Sheena Matheiken is trying. The thirtysomething New Yorker is in her fourth month of what she's calling The Uniform Project. Every day she puts on the same black dress designed by a friend of hers (she has six copies of the dress, so relax, she does wash them) and snaps a picture of how she’s chosen to accessorize it. She also puts aside a dollar per day. Voila: Instant statement about sustainable fashion, plus fundraiser for charity. In this case, putting a child born in an Indian slum through school.
After a year of dollar-saving, Matheiken will have $365 — just $5 more than the Indian government spends per year on a child's education, but some 7.5 million children don't attend school at all. A charity called Akanksha, to which Matheiken plans to donate her funds, has vowed to raise $360 per child so that every kid in the country can get an education.
"There's this misguided notion that charity work has to be depressing," Matheiken told the UK's The Times of her website's tone — and her similarly lighthearted accessories, like a necklace made from breakfast foods or one made from old library books. "I want to show that it can be fun and inspiring and make the model of giving back less daunting."
She’s now been wearing the same dress, a short-sleeved black minidress with hidden pockets, every day for more than 100 days (the project began May 1), but insists that wardrobe ennui has not set in.
"If I wasn’t allowed to add accessories, it would be completely different," she told The Times. "The way I'm doing it, it's not boring at all. It's forcing me to be creative, to try out looks that I'd never previously have imagined. There's not much that I miss from my old wardrobe."
It helps that Matheiken has been receiving lots of fun accessories — mostly jewelry and shoes as per her request on her website.
She told Flavorwire: "One girl wrote to me and she wants to design one hat per week for the rest of the project. I was so blown away by that kind of commitment, and we're in the process of coordinating that.

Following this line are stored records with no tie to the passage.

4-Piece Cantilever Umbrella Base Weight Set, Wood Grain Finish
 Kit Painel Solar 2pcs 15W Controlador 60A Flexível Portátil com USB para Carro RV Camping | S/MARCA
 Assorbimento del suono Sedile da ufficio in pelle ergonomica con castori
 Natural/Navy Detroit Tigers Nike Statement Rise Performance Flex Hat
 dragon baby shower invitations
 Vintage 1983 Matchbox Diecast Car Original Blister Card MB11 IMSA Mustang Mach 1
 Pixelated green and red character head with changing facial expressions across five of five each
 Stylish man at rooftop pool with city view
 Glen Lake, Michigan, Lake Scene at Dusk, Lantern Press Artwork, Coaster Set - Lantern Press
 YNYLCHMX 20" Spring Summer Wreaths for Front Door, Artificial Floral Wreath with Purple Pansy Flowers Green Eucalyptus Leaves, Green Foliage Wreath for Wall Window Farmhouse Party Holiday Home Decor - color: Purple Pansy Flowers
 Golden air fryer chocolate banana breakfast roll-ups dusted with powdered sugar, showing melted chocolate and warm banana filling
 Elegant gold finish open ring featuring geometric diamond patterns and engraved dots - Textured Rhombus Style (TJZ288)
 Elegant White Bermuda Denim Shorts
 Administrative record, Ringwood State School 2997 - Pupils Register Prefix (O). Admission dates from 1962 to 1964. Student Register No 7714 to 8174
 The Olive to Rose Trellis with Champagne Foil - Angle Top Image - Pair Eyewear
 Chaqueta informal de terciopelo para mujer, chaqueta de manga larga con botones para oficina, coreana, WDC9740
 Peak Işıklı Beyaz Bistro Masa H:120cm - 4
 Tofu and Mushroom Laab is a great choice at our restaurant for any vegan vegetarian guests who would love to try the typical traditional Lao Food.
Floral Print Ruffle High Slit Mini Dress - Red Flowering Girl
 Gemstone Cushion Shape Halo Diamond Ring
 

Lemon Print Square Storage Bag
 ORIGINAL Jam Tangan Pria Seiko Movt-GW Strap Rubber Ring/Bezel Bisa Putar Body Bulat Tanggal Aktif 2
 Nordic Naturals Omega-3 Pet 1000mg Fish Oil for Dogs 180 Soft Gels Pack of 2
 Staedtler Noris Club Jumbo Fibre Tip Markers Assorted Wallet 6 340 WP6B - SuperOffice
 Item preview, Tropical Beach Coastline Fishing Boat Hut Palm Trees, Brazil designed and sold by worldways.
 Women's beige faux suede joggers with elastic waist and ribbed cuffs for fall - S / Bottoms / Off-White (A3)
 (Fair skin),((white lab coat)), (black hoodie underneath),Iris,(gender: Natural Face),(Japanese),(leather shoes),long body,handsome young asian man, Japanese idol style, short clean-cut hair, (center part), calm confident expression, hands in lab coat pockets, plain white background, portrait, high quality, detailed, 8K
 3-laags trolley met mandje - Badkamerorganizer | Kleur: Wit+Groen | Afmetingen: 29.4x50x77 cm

There are a lot of my local vintage stores in Brooklyn who want to style me, which I'm looking forward to." (To see how a British fashion editor survived a week-long experiment a la Matheiken, click here.)
Perhaps the hardest part of the experiment is yet to come: On May 1, 2010, her first day of wardrobe freedom.
"I have no idea what I'll wear," she told The Times. "Maybe I'll still be obsessed with the dress."